What you should do: Could you restate word for word only the lines below from the one holding "EVE ONLINE AMARR SHIP STAND" to the one holding "бойко плевнелиев фандъкова", inclusive, and leave out the pictures?

Data listing:
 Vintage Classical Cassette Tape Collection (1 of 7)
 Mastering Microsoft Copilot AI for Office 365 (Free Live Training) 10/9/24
* * *
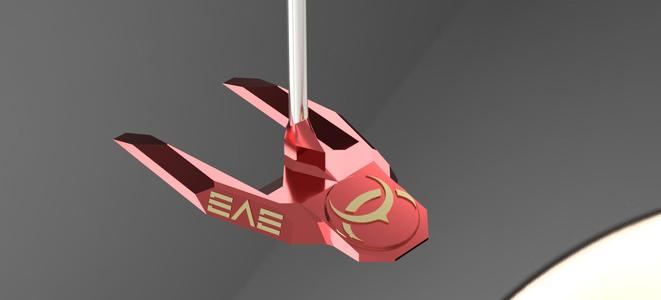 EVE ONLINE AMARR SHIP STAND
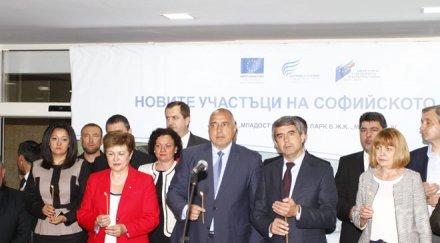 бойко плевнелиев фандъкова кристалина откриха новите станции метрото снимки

Exercise output:
 EVE ONLINE AMARR SHIP STAND
 бойко плевнелиев фандъкова кристалина откриха новите станции метрото снимки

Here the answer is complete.